Henderson's agent, James Williams, told Viking Update after initial negotiations on Wednesday that the signing bonus was the sticking point. According to a source familiar with the negotiations, Henderson is seeking a signing bonus of $3 million and when the two sides resumed negotiations on Thursday the stalemate continued.
According to a league source, it's believed Henderson is leaning toward re-signing with the Green Bay Packers. Henderson, according to the source, wanted more than the Minnesota Vikings were willing to pay in a signing bonus. The Packers have plenty of room under the salary cap and the Vikings aren't able to accommodate his demand.
Considering the number of quality fullbacks on the free agent market and the limited demand for them, the Vikings might be inclined to look elsewhere for another fullback.
They aren't the only team that has balked at Henderson's financial request. Asked Tuesday night about the Packers' level of interest in re-signing Henderson, Williams said: "I think it's about money. How do you value the fullback position? It's one of those things where we have to see what's out there. They've got a brand new coaching staff, so we don't really know which direction they are going to go with it. You all (Minnesota) have a brand new coaching staff too. However, there are a number of people that William knows and respects there, guys that he previously played with."

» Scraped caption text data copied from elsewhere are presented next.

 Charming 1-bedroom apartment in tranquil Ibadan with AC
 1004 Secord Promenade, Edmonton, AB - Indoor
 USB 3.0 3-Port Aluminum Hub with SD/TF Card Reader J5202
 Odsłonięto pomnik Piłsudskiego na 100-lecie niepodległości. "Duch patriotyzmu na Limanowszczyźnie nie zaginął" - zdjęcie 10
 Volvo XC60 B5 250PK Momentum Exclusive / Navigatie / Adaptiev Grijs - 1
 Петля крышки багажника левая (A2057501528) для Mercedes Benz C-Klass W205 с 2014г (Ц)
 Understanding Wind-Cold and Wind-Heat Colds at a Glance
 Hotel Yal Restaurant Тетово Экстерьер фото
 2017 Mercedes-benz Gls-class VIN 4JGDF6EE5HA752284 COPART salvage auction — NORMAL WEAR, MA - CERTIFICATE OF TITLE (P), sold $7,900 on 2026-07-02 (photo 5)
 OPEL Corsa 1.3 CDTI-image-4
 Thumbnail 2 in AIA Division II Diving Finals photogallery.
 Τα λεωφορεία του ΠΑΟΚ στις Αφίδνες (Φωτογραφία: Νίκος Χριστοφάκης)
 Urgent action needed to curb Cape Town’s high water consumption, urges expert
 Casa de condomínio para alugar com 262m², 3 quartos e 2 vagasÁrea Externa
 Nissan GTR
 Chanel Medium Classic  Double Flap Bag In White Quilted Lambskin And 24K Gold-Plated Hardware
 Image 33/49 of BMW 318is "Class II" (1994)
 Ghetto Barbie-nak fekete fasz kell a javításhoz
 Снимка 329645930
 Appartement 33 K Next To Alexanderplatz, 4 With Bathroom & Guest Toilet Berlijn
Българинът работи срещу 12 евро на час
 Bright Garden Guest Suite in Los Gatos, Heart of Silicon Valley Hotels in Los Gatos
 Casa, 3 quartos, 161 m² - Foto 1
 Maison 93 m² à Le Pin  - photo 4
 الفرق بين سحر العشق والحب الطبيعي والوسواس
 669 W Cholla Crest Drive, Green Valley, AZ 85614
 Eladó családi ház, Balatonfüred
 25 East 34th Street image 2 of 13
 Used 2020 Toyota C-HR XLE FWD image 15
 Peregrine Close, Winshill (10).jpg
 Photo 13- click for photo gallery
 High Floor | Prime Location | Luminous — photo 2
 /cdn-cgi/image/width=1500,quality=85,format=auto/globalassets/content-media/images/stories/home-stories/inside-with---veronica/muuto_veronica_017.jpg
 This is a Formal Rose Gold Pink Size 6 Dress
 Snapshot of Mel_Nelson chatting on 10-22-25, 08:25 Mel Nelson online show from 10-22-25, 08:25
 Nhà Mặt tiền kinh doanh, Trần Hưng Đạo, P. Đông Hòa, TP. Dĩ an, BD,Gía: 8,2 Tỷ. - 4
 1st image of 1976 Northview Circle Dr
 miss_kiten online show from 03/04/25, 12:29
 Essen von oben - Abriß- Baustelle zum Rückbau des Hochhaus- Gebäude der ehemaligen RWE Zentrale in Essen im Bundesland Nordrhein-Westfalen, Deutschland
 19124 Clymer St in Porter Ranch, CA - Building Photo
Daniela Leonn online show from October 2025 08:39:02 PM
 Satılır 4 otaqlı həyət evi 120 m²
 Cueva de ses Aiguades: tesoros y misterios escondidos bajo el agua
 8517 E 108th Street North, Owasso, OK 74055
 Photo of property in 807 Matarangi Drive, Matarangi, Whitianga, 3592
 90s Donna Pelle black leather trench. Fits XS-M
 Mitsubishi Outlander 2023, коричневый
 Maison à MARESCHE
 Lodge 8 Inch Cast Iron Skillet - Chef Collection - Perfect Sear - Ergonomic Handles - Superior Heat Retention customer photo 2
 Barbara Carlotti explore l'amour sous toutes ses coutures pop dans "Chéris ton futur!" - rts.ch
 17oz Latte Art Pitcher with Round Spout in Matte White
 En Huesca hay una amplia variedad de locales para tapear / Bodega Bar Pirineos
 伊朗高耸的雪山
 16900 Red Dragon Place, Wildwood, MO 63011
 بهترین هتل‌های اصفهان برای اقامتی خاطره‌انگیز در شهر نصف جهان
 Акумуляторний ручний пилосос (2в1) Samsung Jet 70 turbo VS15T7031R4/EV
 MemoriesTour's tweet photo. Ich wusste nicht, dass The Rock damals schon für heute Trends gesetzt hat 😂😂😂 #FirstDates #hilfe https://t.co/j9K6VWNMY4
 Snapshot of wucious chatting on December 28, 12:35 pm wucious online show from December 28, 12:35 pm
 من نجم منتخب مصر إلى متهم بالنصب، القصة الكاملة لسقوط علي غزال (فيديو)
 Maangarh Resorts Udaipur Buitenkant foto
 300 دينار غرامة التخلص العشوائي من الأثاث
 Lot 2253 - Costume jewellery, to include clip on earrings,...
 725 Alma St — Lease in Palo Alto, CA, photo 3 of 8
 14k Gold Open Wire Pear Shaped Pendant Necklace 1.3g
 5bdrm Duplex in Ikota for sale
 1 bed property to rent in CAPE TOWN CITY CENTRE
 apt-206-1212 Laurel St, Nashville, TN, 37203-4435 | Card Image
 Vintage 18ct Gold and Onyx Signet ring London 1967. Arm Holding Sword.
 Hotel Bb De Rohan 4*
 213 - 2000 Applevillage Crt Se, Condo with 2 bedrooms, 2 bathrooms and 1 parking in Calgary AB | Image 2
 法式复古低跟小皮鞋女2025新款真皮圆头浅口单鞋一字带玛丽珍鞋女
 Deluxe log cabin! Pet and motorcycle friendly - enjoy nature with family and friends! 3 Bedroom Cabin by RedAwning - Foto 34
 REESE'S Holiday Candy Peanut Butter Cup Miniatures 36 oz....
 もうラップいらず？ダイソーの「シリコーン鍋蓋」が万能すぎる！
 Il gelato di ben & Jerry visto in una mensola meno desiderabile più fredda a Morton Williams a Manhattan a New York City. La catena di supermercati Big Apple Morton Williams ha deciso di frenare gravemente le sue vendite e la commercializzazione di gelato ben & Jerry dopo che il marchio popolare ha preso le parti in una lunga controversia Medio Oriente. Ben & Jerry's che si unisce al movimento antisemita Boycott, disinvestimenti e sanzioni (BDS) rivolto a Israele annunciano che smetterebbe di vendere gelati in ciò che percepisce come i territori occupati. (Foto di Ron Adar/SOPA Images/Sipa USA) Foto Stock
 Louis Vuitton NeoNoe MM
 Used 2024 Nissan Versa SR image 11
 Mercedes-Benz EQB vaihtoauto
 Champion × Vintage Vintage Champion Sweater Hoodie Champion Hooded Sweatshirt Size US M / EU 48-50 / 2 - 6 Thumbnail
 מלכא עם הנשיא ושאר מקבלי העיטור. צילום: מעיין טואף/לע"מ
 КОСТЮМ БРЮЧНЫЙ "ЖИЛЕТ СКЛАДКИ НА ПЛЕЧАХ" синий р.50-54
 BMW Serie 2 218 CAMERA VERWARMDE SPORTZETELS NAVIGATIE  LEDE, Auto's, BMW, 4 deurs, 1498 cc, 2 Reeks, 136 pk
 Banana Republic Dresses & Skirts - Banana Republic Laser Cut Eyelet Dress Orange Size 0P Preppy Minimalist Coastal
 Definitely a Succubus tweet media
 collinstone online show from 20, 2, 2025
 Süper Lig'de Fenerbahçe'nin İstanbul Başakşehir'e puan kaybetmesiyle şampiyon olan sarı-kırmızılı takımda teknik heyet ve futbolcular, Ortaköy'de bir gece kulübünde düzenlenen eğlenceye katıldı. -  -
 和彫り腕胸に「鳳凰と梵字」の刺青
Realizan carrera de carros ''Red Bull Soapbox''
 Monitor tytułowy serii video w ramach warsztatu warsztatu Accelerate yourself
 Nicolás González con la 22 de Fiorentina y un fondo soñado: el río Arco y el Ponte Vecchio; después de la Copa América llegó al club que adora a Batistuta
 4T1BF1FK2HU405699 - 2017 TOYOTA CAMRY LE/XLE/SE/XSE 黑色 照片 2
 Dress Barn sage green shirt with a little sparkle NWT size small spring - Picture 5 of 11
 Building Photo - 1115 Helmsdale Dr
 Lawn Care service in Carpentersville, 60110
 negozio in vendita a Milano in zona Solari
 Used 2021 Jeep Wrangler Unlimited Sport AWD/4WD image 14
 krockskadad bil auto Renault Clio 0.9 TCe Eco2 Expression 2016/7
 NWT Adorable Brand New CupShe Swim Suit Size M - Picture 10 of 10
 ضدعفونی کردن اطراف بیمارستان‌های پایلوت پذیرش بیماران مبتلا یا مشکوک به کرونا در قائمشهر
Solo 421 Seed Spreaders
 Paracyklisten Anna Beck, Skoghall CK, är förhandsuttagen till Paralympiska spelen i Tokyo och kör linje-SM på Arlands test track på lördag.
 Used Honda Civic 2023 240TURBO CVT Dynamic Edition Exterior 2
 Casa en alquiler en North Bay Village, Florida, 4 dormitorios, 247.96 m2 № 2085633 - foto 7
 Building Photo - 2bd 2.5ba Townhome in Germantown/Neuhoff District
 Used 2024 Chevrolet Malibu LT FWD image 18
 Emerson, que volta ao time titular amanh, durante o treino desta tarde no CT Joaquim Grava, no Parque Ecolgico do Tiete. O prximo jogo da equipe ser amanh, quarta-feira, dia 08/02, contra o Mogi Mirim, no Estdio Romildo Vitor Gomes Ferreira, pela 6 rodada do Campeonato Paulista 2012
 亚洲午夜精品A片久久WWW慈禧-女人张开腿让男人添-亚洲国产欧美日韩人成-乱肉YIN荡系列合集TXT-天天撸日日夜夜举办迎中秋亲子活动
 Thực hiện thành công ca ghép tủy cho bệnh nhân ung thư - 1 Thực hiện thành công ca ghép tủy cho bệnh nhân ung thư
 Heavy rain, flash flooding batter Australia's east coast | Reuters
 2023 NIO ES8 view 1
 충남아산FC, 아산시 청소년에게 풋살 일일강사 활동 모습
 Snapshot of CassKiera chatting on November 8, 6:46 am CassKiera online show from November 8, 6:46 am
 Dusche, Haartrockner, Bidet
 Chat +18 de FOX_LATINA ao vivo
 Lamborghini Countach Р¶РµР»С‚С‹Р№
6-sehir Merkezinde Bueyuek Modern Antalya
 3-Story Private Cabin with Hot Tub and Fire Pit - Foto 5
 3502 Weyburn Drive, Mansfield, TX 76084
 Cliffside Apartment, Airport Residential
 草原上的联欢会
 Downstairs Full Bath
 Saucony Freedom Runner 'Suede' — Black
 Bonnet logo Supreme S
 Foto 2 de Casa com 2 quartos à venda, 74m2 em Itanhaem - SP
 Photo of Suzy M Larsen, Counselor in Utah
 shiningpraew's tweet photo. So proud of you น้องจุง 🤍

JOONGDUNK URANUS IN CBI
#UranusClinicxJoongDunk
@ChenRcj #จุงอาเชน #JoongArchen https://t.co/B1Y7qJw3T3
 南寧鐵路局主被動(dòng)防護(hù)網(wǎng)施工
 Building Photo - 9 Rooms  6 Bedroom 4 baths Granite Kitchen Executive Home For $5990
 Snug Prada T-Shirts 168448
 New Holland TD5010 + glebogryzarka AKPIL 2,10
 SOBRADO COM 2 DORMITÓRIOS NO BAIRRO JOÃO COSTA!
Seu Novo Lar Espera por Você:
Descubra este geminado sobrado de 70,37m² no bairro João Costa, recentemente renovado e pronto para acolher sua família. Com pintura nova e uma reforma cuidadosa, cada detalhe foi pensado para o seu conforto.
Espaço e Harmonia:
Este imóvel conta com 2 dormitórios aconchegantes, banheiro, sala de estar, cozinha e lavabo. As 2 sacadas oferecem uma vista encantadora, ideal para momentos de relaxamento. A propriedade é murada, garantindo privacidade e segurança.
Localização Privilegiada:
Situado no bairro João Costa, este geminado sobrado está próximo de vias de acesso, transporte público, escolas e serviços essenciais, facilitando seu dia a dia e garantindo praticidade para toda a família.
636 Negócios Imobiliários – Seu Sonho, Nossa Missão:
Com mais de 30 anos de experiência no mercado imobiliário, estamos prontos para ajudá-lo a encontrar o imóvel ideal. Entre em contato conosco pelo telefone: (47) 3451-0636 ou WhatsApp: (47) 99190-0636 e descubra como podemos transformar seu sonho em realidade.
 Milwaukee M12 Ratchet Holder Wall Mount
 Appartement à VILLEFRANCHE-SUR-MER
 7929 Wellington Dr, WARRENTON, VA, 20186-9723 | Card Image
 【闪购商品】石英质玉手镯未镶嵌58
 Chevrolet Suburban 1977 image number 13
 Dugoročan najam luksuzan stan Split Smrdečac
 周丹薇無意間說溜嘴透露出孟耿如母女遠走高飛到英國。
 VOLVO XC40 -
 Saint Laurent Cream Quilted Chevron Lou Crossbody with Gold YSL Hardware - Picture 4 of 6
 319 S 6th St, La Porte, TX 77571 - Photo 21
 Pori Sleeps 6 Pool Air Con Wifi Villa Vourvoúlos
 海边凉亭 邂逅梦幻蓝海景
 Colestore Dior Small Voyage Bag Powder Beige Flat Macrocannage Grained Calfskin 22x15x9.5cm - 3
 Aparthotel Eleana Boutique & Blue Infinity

Henderson said that the Packers had a good chance to sign him before he hit the free agent market, but that he was going to look into his options after they failed to do that. For the first time in years, the Vikings will value the fullback position, but, like the Packers at the outset of free agency, the Vikings probably aren't willing to sink a guaranteed $3 million bonus into the position.
Henderson, like a number of other former Packers, seemed disenfranchised with the direction Green Bay has been heading the last few years if words from his agent are an accurate reflection of Henderson's feelings. However, after failing to get the Vikings to succumb to his financial request, Henderson may settle for less to rejoin Green Bay.
Henderson, a 6-foot-1, 262-pound fullback, is a 1995 third-round draft pick of the Packers. He has played in 174 of Green Bay's 176 regular-season games since then, with 103 starts, and earned Pro Bowl and All-Pro honors in 2004. He has 426 yards rushing and 2,347 receiving in his career. The Vikings will use a fullback in their new offensive scheme this year and already signed street free agent Joey Goodspeed last month.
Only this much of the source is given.